Os problemas em Cascavel se agravaram quando o filho de Maria veio morar com ela e o marido. Alaor tinha ciúmes do menino, que recebia muita atenção da esposa. “Eu venci essa batalha, com muita conversa e cautela. Sabia que ele um dia iria relevar e perceber que se desse amor, receberia amor do meu filho.” E foi o que aconteceu. Alaor até registrou o menino.
Logo, Lucas ganhou uma irmãzinha, Isabela. E dois anos depois veio a Jéssica. A família estava formada.

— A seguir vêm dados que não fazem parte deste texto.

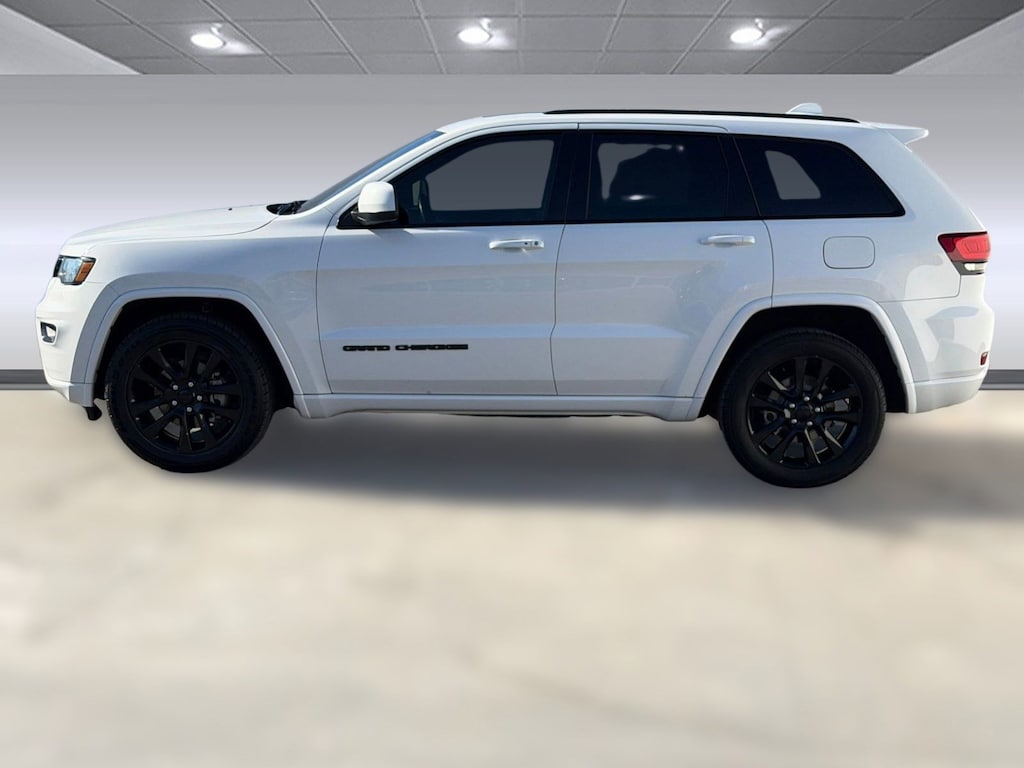 Used 2018 Jeep Grand Cherokee Altitude
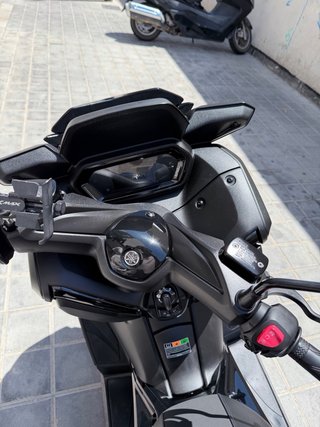 Yamaha XMAX 2025 Negra Impecable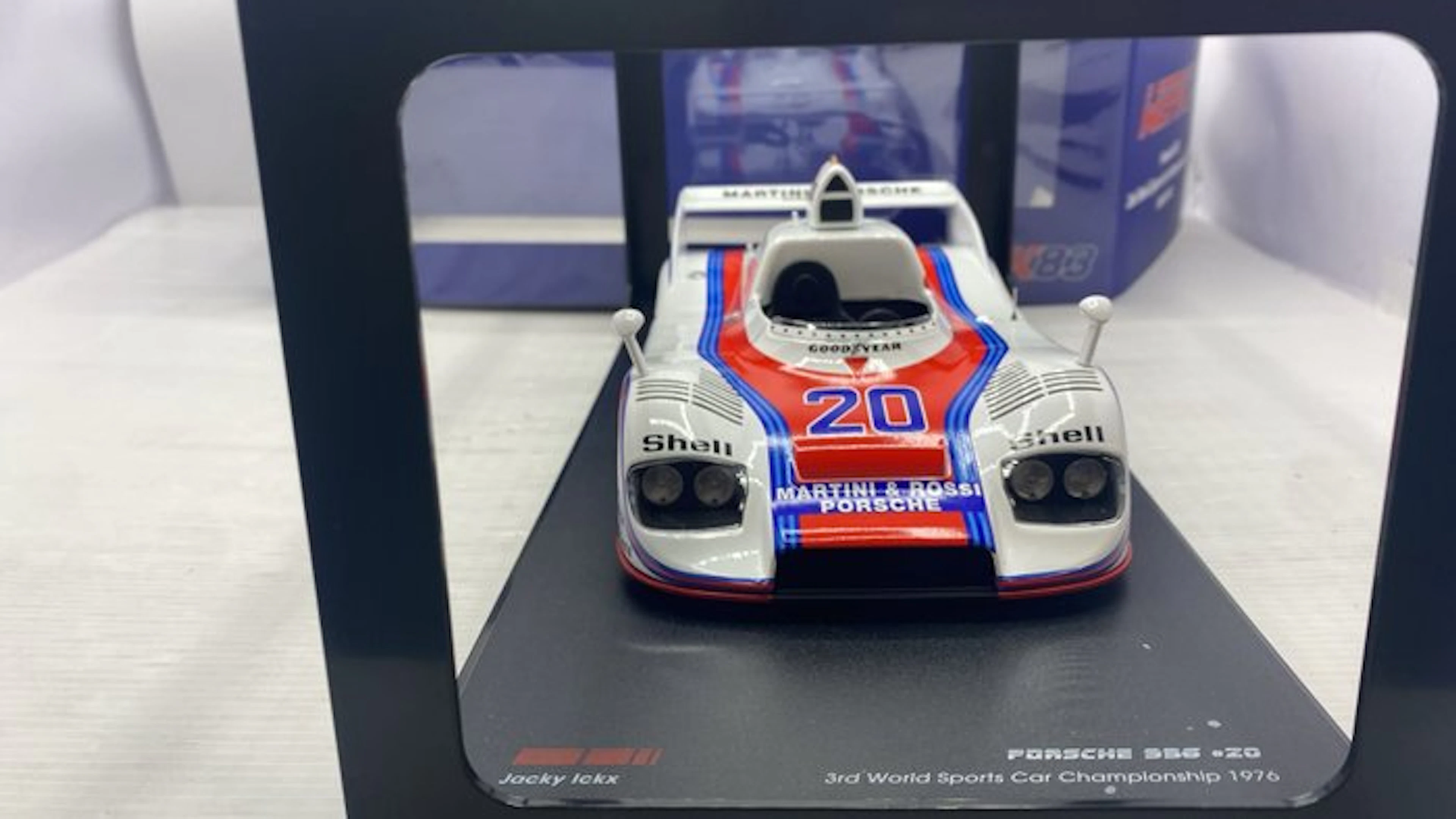 Werk83 1:18 - Model car - Porsche 936 3rd World Sports...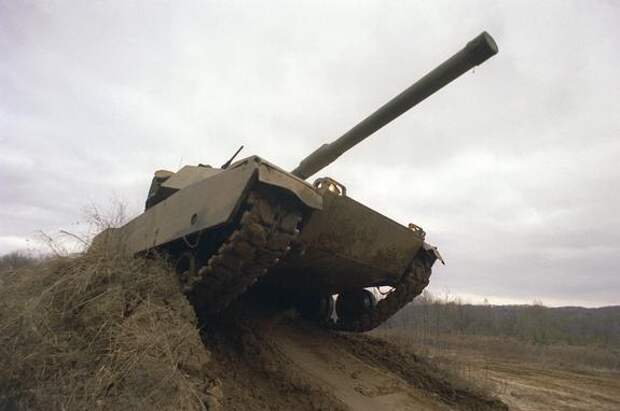 AP: Украина отвела из зоны боев Abrams из-за их уязвимости перед дронами России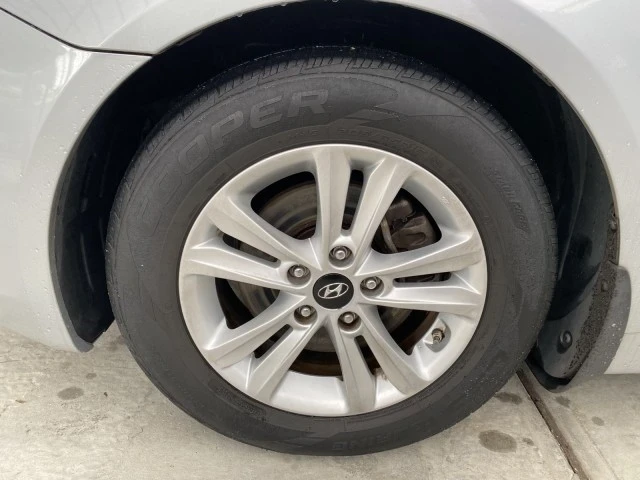 2013 Hyundai Sonata - Image 18 of 21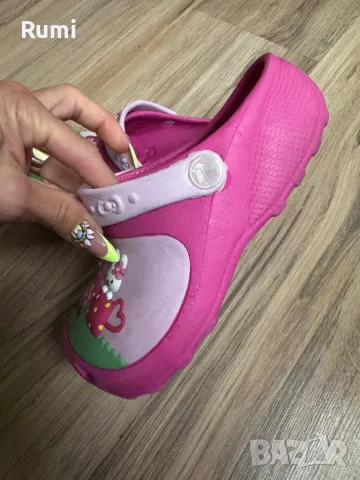 Оригинални юношески чехли  Crocs Hello Kitty! 32-33 н, снимка 2 - Детски сандали и чехли - 48932046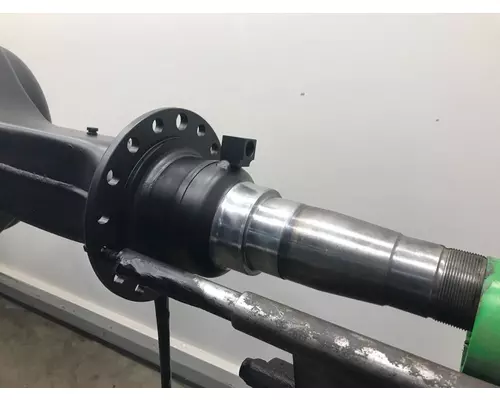 EATON 19060D Axle Housing (Rear)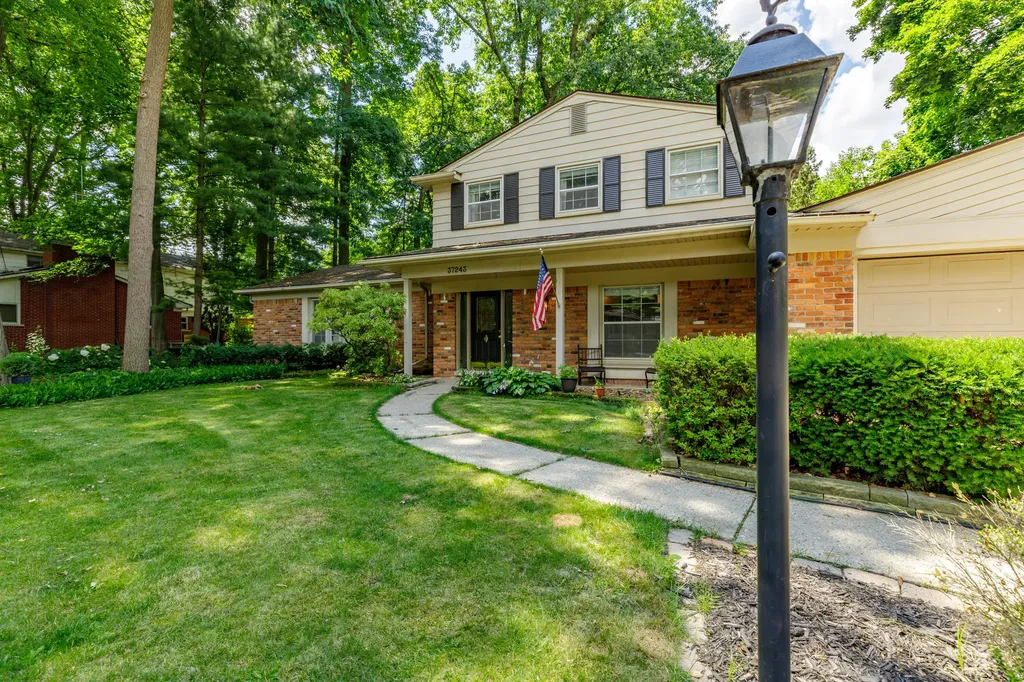 37243 Maple Leaf Court Clinton Charter Township MI 48036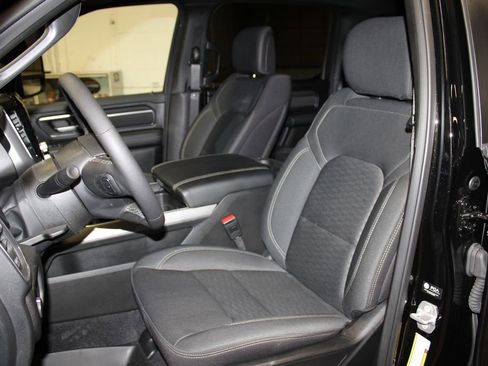 Used 2025 RAM 1500 Big Horn image 24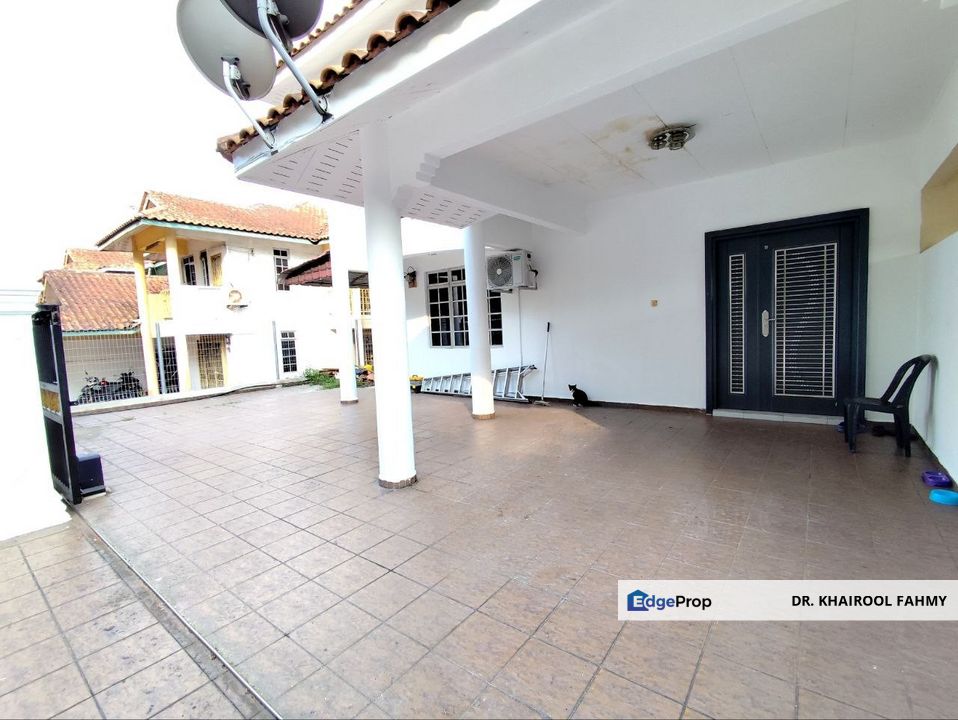 Taman Mawar Pasir Gudang Semi D Double Storey Open Facing Renovated, Johor, Pasir Gudang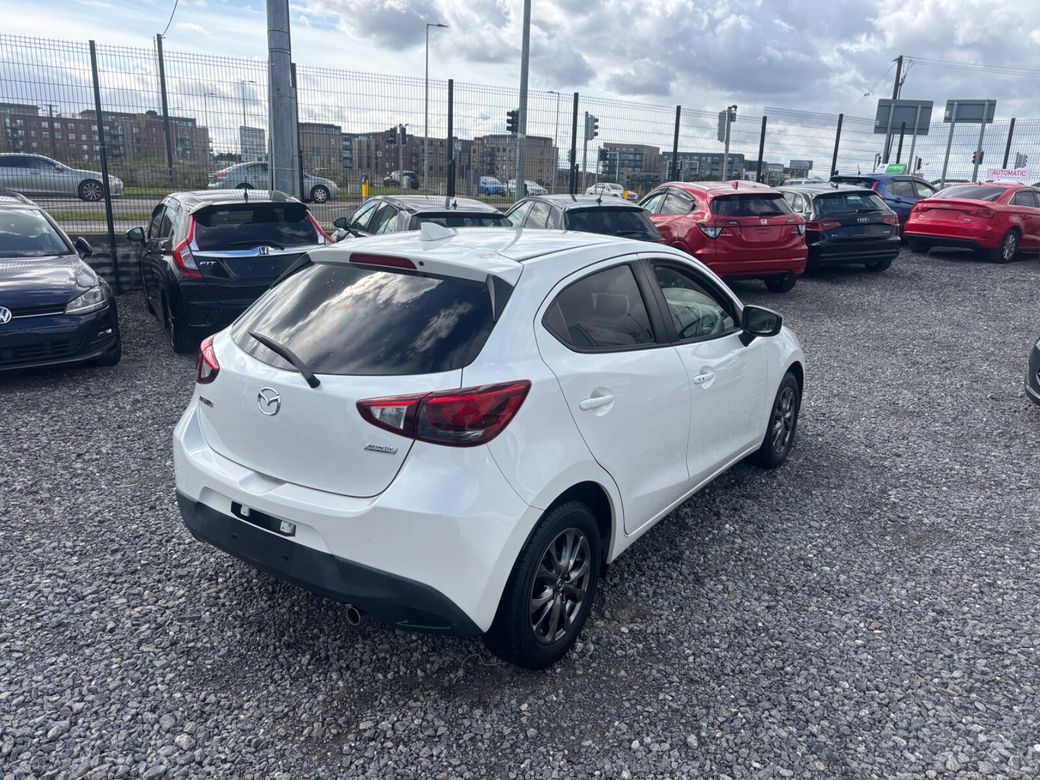 2017 Mazda Demio
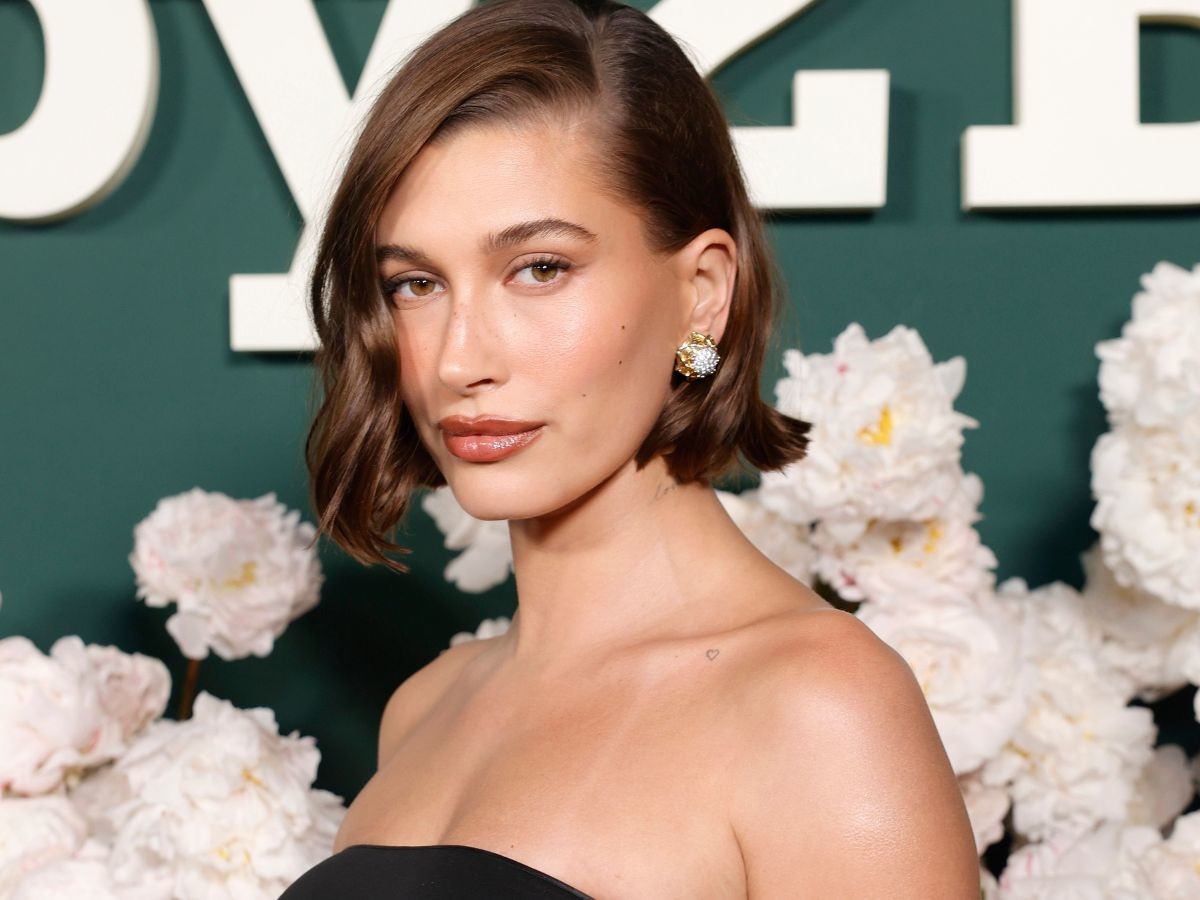Modne paznokcie w stylu Hailey Bieber na zimę 2023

E falar de família com a Maria é pedir para que seus olhos se encham de lágrimas. Ela recorda com muita riqueza de detalhes a relação que tinha com os pais e que, mesmo com todos os empecilhos no caminho, o sentimento jamais foi, sequer, arranhado. “Vou visitar minha família de vez em quando. Meu pai, infelizmente, faleceu, e minha mãe ainda está viva, com 80 anos, doentinha. Antes de meu pai ir embora para sempre, lembro que assim que eu chegava na porta de casa, ele exclamava: ‘Oh, linda, linda que bom que você chegou’. Aquilo enchia meu coração de amor, respeito e carinho por aquele homem que tanto me ensinou na vida.”
Hoje, Maria trabalha em uma faculdade como faxineira. Seu marido é pedreiro. Os dois filhos mais velhos fazem faculdade. Os desafios da vida fizeram-na cada dia mais sorridente, com seus cabelos ruivos cacheadinhos e curtos que dão aquele ar de doçura e simpatia, os quais me aproximaram dela para contar essa história. Mulher lutadora. Quem diria que uma senhora baixinha, com uma voz tão calma e com tanta serenidade no olhar, poderia ter uma força de uma gigante para por a sua família nos trilhos do carinho, da harmonia e da compreensão? Pois é, essa grande esposa, mãe e pessoa fez das dificuldades escadas para conseguir ser feliz.